Alexander Zemlinsky’s The Mermaid

Notes by TŌN clarinetist Mackenzie Austin

The Composer
Alexander Zemlinsky was a talented composer, orchestrator, teacher and conductor who held an array of prestigious conducting appointments extending from Vienna to Prague. In his early years of composing, Johannes Brahms was one of his most enthusiastic supporters, attending many of his premieres and performances and even recommending some of the young composer’s works for publication. Zemlinsky settled on the program of his tone poem, Hans Christian Andersen’s “The Little Mermaid”—a fairy tale of a lover who fails to secure her intended—in response to losing his own first love, Alma Schindler, to the greater charms of Gustav Mahler.

The Little Mermaid
Andersen’s tale, as opposed to the Disney version, recounts the story of a young mermaid who, upon turning 15, is allowed to swim to the surface of the sea to catch a glimpse of the world in which humans dwell. She rescues a prince from drowning in a shipwreck and becomes so smitten with him that she bargains with a sea-witch to exchange her tongue for legs, allowing her to seek him out in the world of humans. The prince ends up marrying a human princess, as a consequence of which the mermaid is doomed to meet the fate of all mermaids when they die, which is to dissolve into seafoam. Andersen later appended a “happy ending” in which her soul proves immortal and she ascends to the skies to join other spirits of the air.

The Music
Zemlinsky’s talent as an orchestrator is displayed clearly throughout the work. The opening, depicting the underwater kingdom, uses the deepest instruments in the orchestra in a slow scale crawling upward. Muted violins then add a high shimmer, followed by flickering motives from the winds like fish darting around.
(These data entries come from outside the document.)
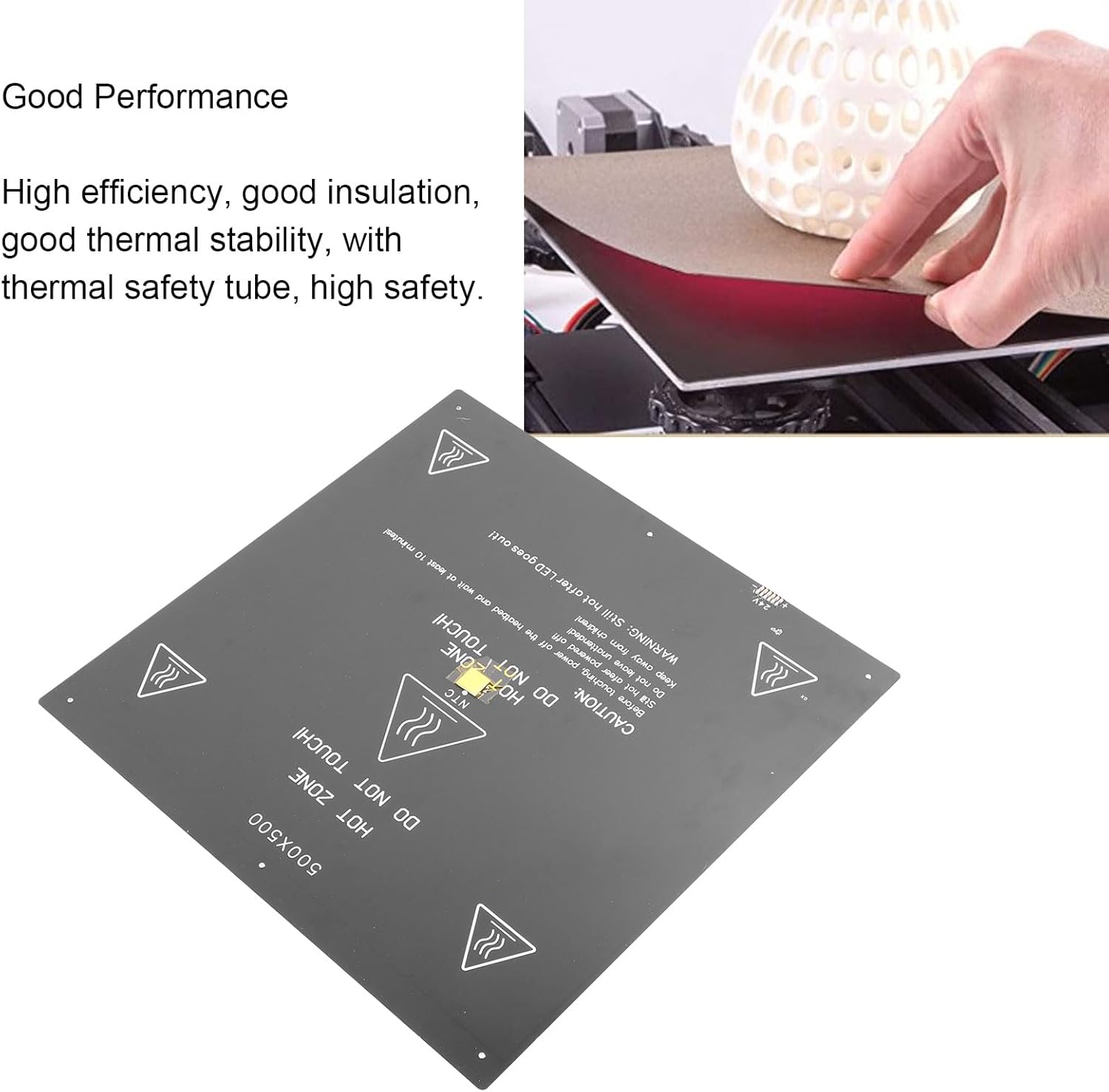 Pssopp 3Dプリンター熱ベッド 高性能なアルミニウム合金製 24V 350W 500x500mm 3Dプリンターヒーター 快適
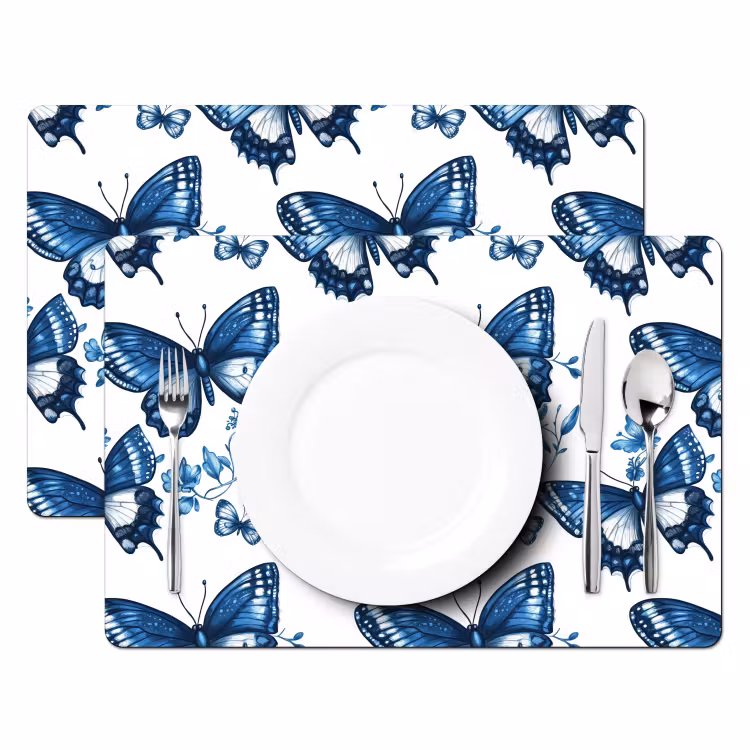 Tovaglietta – 6 pezzi - Blu - Farfalle - Fiori - Bianco — 2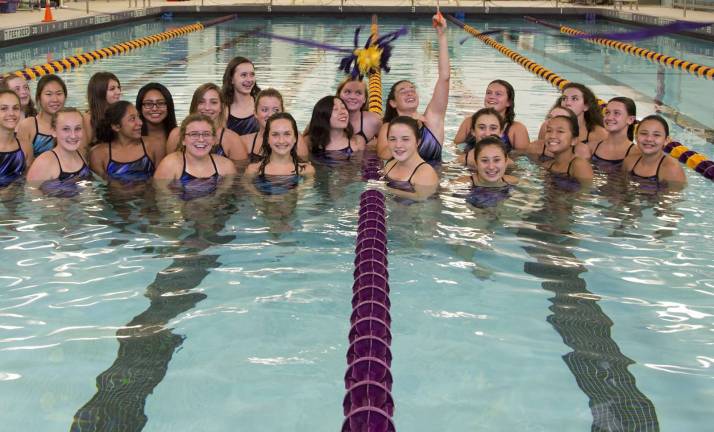 Photos provided by WVSD Members of the WVHS girls varsity swim team in the high school's renovated pool.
It’s a brilliant evocation of a dark and eerie underwater scene. Furthermore, the music features several Wagnerian leitmotifs (expressive melodic fragments) which reveals Zemlinsky’s absorption of Wagnerian harmony, with the chromatic surging of Tristan-esque passion escalating through the texture. The work was performed around Europe before it was consigned to the inevitable wrath of the Nazis and deemed “degenerate music.” After Zemlinsky’s death,, the score became divided. It wasn’t until the 1980s that fragmented passages were pieced together and identified as a brilliant, and unfortunately widely unknown, masterpiece.